U.S. net farm income is forecast to be $58.9 billion in 2006, down from $73.8 billion in 2005, but slightly above the 10-year average of $57.2 billion, according to a report from USDA's Economic Research Service.

The primary reasons for the anticipated decline are a drop in the value of livestock production and direct government payments combined with an increase in the cost of purchased inputs.

Net cash income is forecast to be $66.6 billion in 2006, a decline from the high levels achieved in 2004 and 2005. Family farm operator household income is expected to decline 0.9 percent in 2006, as the decrease in farm income more than offsets an increase in off-farm income.

Farms are expected to contribute $107.6 billion in net value-added to the U.S. economy in 2006, substantially down from the 2004 peak year of $128.9 billion.
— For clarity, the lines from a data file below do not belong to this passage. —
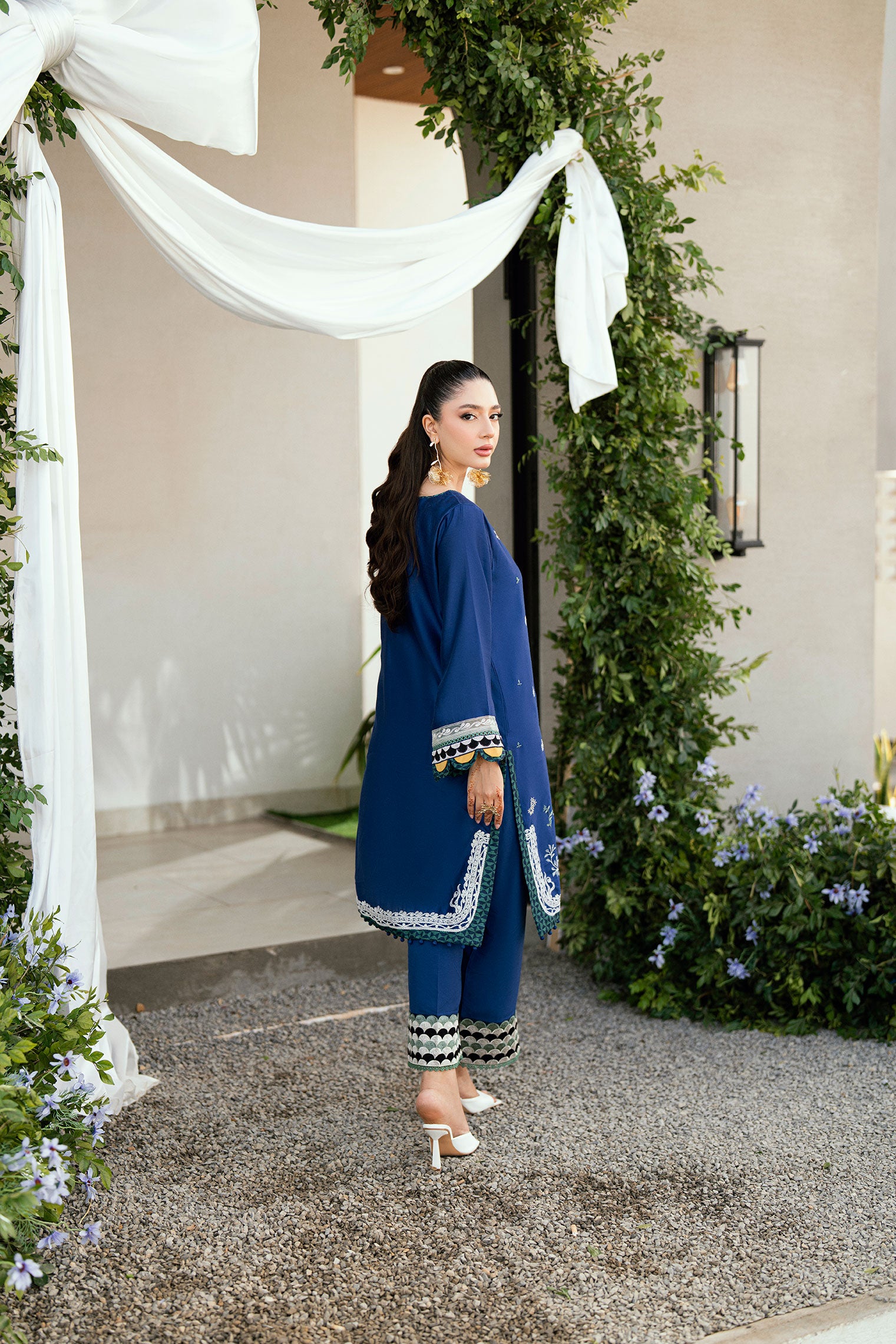 SS25DA-2707 BLUE 2PCS  EMBROIDERED KURTA WITH TROUSER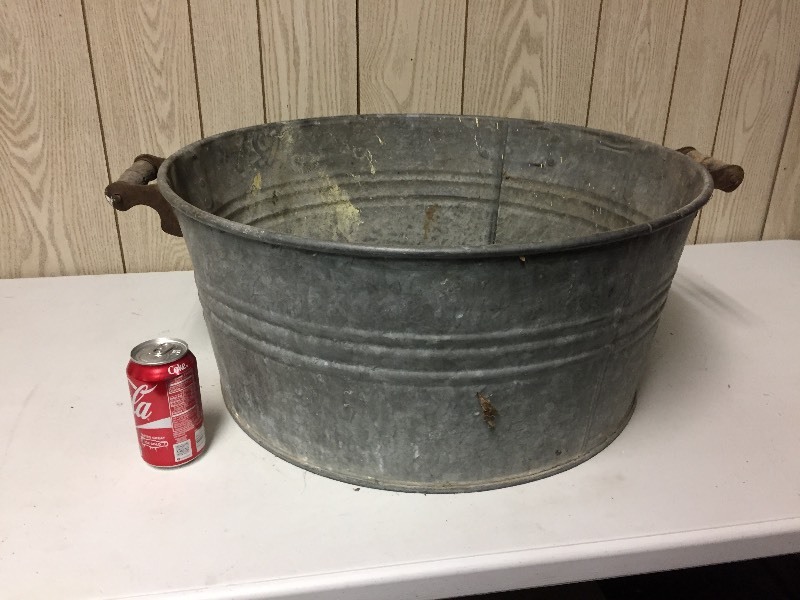 lot 19 image: Wooden Handled Metal Wash Tub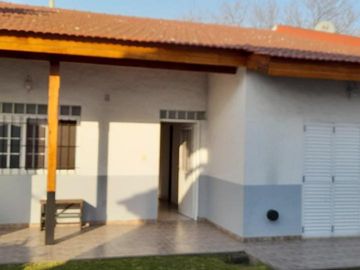 Casa de 4 ambientes en venta en Barrio Uno, Ezeiza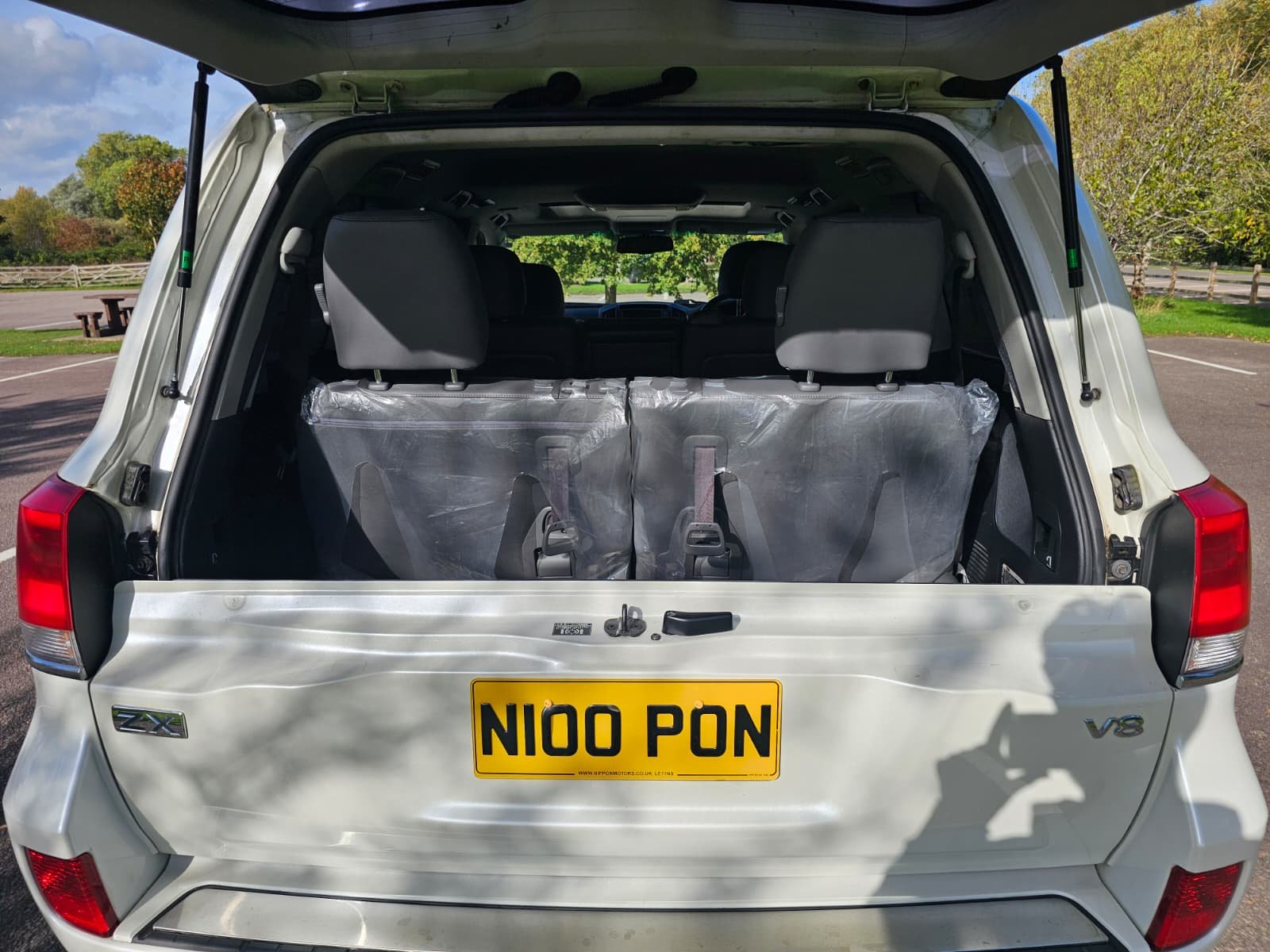 TOYOTA LAND CRUISER Prado Amazon ZX 4.6 V8 Petrol Auto 5dr 8 Seater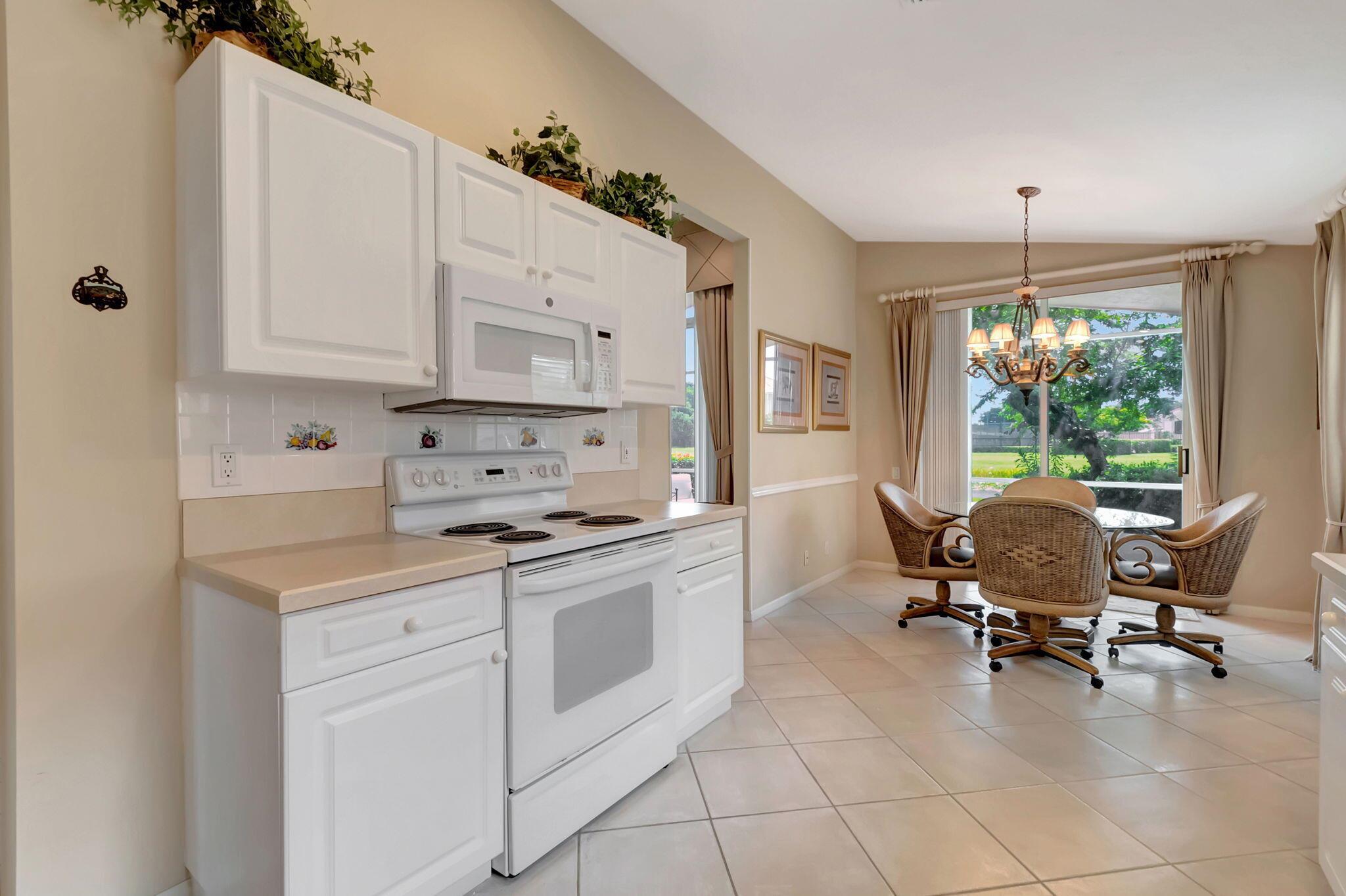 11530 Spring Oak Avenue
Net value added is the sum of net farm income and payments made to agriculture's stakeholders (lenders, hired labor, and nonoperator landlords).

The value of production in the U.S. farm sector is forecast to be $279.5 billion in 2006, up $4.1 billion over 2005 and well above the 10-year average of $237 billion.

The value of crop production is projected to be up $7.1 billion over 2005, primarily from higher projected corn prices and stronger sales of vegetables, fruits and nuts, and greenhouse/nursery products.

The value of livestock production is expected to be down $4.7 billion from 2005, but still $18.9 billion above the 10-year average. Farm gate prices for most major livestock products are expected to fall from 2005, with milk prices declining the most.

Total direct government payments are expected to be $16.5 billion in 2006, down from the $24.3 billion for 2005. This payment total is nearly 4 percent below the five-year average. Payments under the direct and counter-cyclical program in 2006 are estimated at $5.2 billion, less than a 1 percent increase from 2005.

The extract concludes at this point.